I read a somewhat dismissive review in the latest Gramophone (that's only the link to the mag – the review is paper only as far as I can discover) of this new CD of four piano sonatas by Joseph Wölfl, the once famous piano virtuoso and composer. His dates are 1773-1812, and since then he has pretty much only been remembered as a bit part player in the lives of Wolfgang Amadeus Mozart (1756-1791) and Ludwig van Beethoven (1770-1827). I couldn't, to illustrate the point, find any web page devoted to the man himself, rather than just occasional mentions of obscure and deleted CDs of his music. But then I came across this CD for £4 in one of my regular second hand CD haunts (maybe it was that Gramophone reviewer unloading it), and, since the pianist is one of my recent favourites, Jon Nakamatsu, I gave it a go.

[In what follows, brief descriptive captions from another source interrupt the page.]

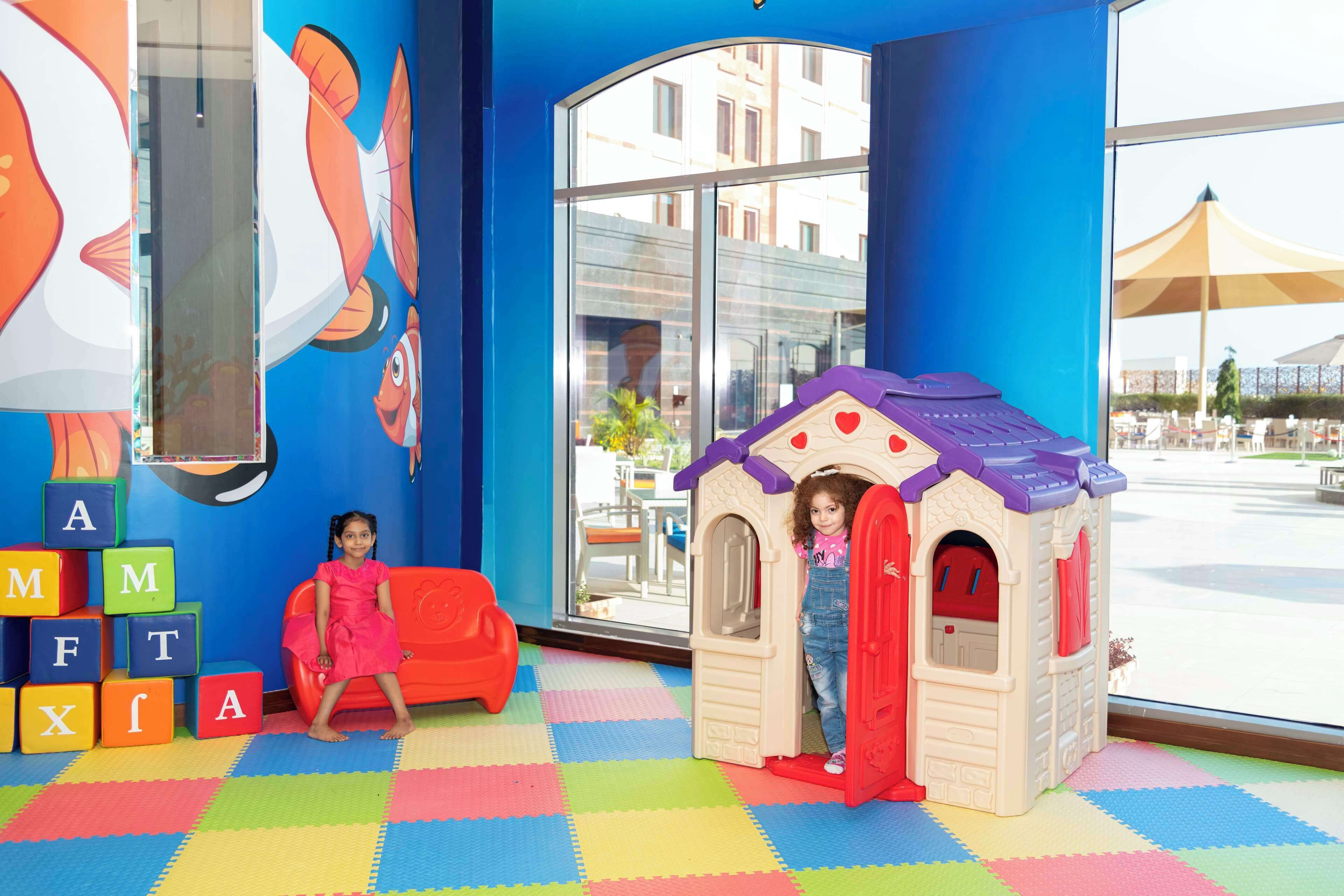 A play area with colorful blocks, a playhouse, and a large window with a view of the outside.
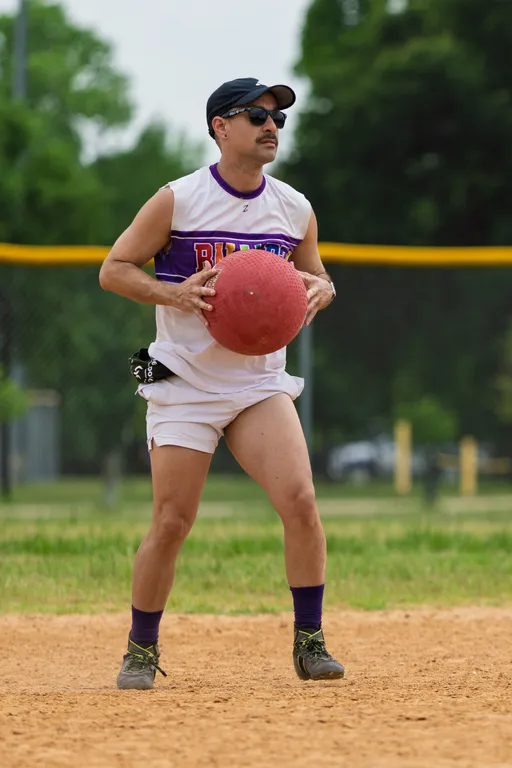 A kickball player wearing a white and purple uniform, purple socks, athletic shoes, a black cap, and sunglasses is standing on a dirt field while holding a red kickball, appearing focused and ready to make a play. Trees and a fence are visible in the background.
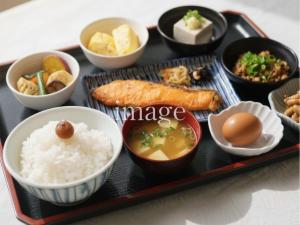 a tray of food with rice and eggs and other foods at APA Hotel Takasakieki Higashiguchi in Takasaki +50 photos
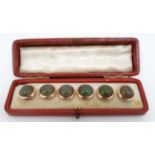 A cased set of 6 early 20thC gilt metal buttons set with sapphrite / agate like glass cabochon.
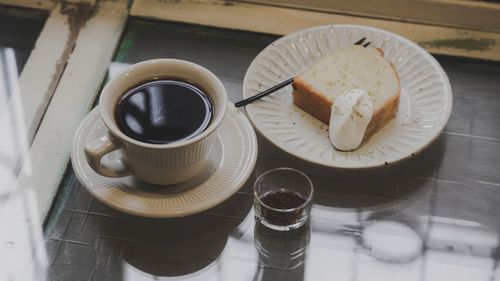 Free A stylish breakfast scene with black coffee and cake on a ceramic plate, perfect for food enthusiasts. Stock Photo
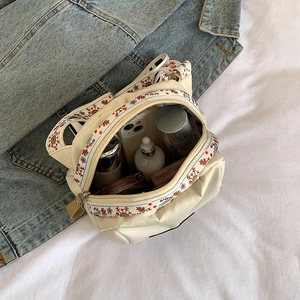 Waterproof nylon crossbody bag in cream white with embroidered strap and spacious interior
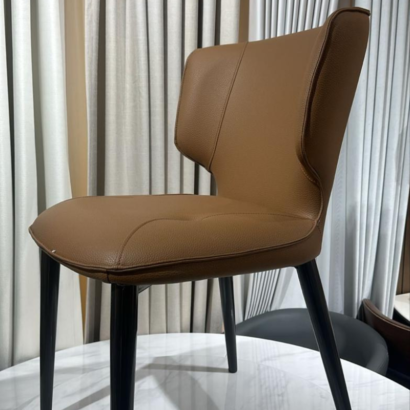 Wingback brown finish dining chair for Downtown Dubai apartments
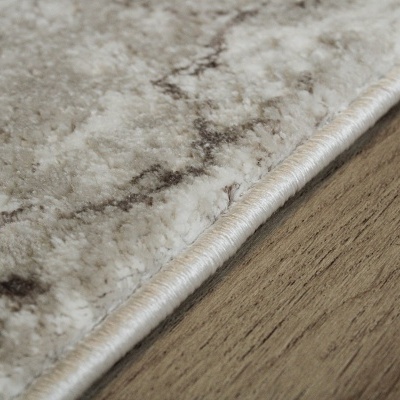 Borda de tapete cinza claro com padrão mesclado sobre chão de madeira clara.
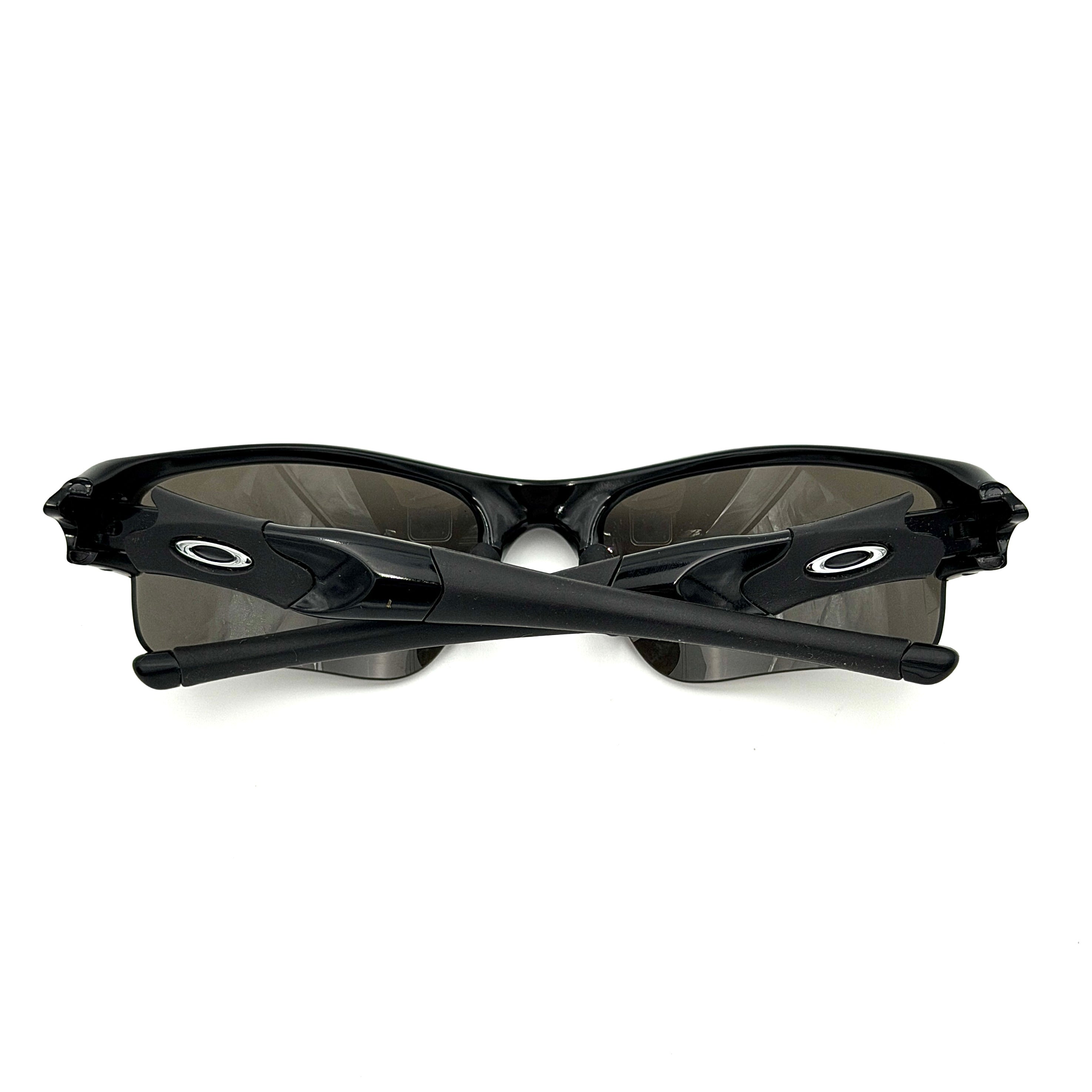 Oakley FLAK Jacket 03-915 sunglasses in black with grey lenses, shown with original zip case.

And it is really very good. It's not Beethoven and it's not Mozart, and it wouldn't make sense to say that it is in between. More a case of inhabiting the polished and pleasingly decorated floor between those two stools. But it's good. The pieces are sometimes elegant, and sometimes more turbulent than elegant, in a manner I've not heard the exact like of before. Nakamatsu plays them a whole lot better, and made a whole lot more of them, than that Gramophone reviewer said, in my opinion. I especially enjoyed the last movement of Op. 33 no. 1.
And a little googling reveals that Anthony Holden of the Guardian also liked this CD a lot.
This kind of thing won't pay the rent for the entire classical music industry as it still now tries to operate, but it deserves a nod of praise nevertheless.